Nos encaminamos hacia el pueblo de Ollantaytambo, donde paramos por provisiones (agua, barras de granola, Tang, chocolates, hojas de coca, y nuestros bastones para caminar: Tom, Pollo y Lucho). Poco tiempo después estábamos en Piskakucho, el kilómetro 82 de la vía férrea que se dirige a Machu Picchu; el punto inicial de nuestra caminata. Mochilas a la espalda con todo y sleeping bag y colchoneta, los buenos Hi-Tec bien amarrados, atollados de bloqueador solar, botellas de agua listas, bastón en mano, y emprendimos la caminata. Según nos dijo el guía (y entenderíamos al día siguiente) el primer día es básicamente el entrenamiento. Unas cuatro horas de caminar, con algunas subidas y bajadas, tampoco facilísimo pero sí llegamos al primer campamento bastante enteritos. En general, alguien con condición física por arriba del promedio (porque, admitámoslo, el promedio es terrible) puede hacer la caminata sin mucho problema.

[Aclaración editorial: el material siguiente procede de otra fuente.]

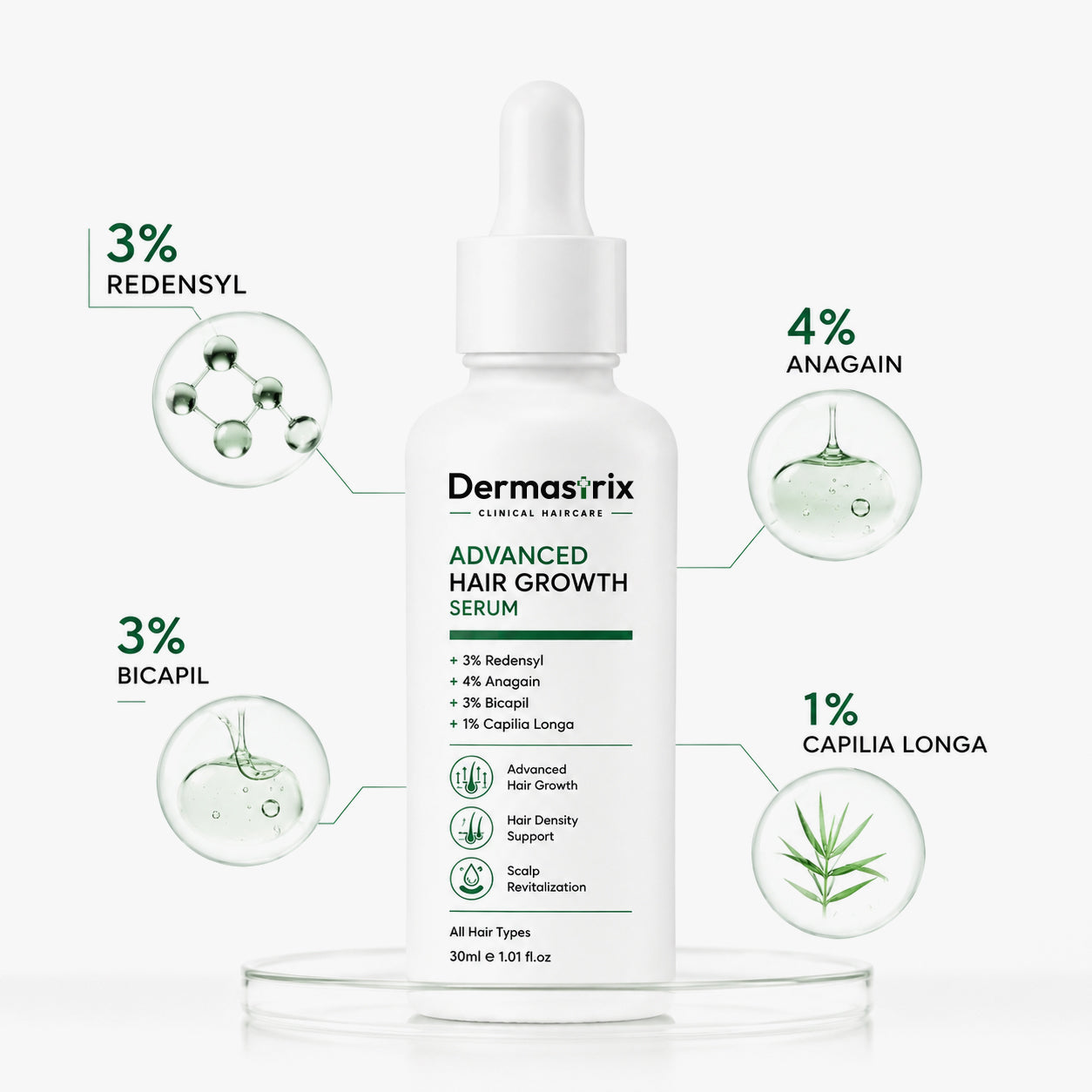 Dermastrix3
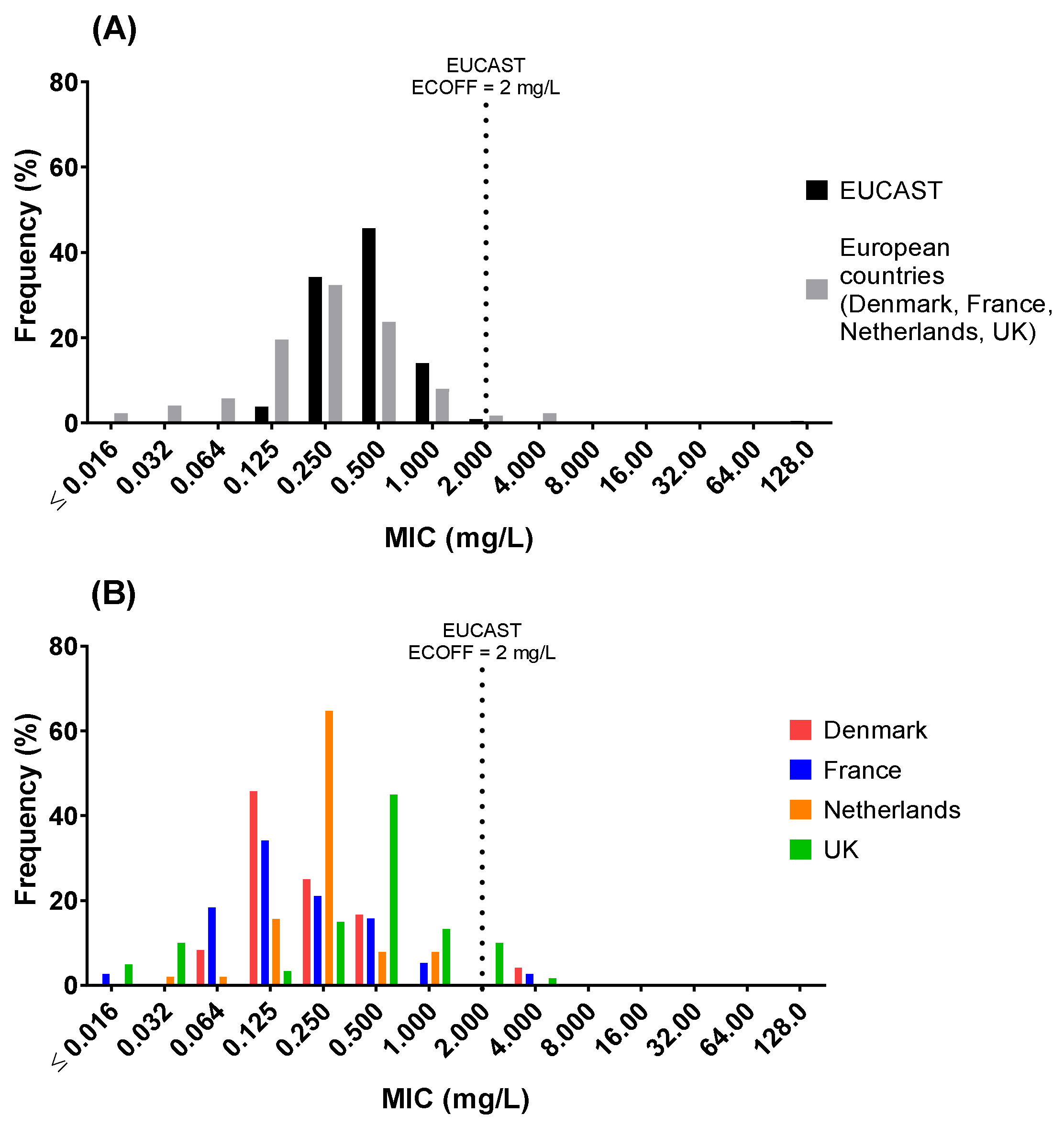 Antibiotics 11 00631 g001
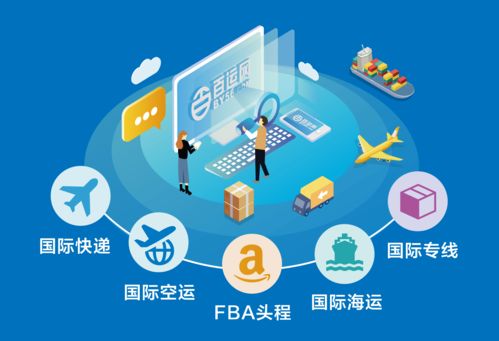 國際物流中適合FBA的品類與國際船舶管理業(yè)務解析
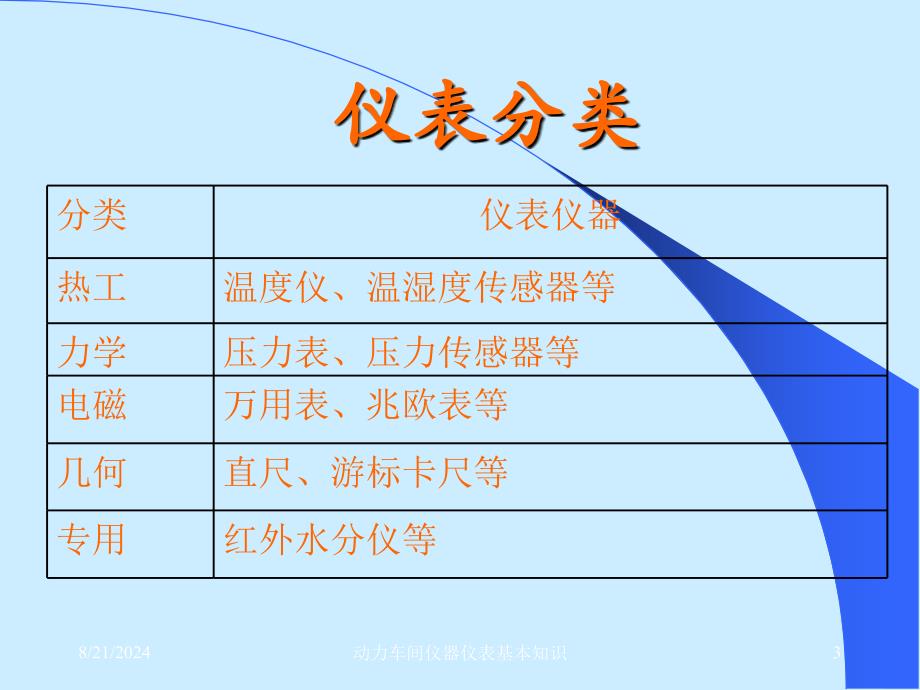 动力车间仪器仪表简略_第3页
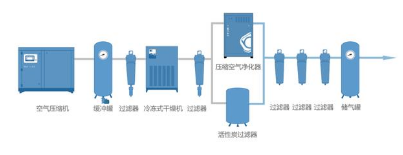 塑料瓶生产中的很多缺陷由压缩空气造成,选择合适的后处理设备尤为重要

Hay que ser sinceros; el Camino Inca no es fácil, pero lo tratan a uno muy, muy bien. En los campamentos y en las paradas de almuerzo nos esperaban muy buenas comidas, siempre con sopa, un plato bien completo, y té de coca, siempre mucho té de coca. Como nos decía nuestra amiga Marce, que no tuvo tanto lujo como nosotros cuando hizo el camino: “los odio! ustedes son de los que les llevan la comida y todas las cosas!”. Y aquí es donde entran en juego los porteadores; hombres de todas las edades que trabajan para las compañías que organizan los tours del Camino Inca. A los porteadores les toca llevar todo el equipo del que tan cómodamene disfrutamos nosotros en cada parada: tiendas de campaña, mesas, bancos, utensilios de cocina, más la comida de todo el grupo para los cuatro días. Ellos tienen que ir más rápido que los grupos, para poder llegar antes a cada parada y alistar (setuppear) el campamento y cocinar el almuerzo o cena. Así que a lo largo de todo el camino, de repente se escuchaban gritos que anunciaban “porteador!” para dejarlos pasar. Todo lo orgulloso que se siente uno de estar haciendo la caminata se desmorona cuando pasan los porteadores volando a la par como si nada. Su condición física es impresionante; cada uno carga paquetes de hasta 20 kg (en teoría, porque a veces se veían mucho más pesados que eso), y la mayoría hace todo el camino con un simple par de sandalias.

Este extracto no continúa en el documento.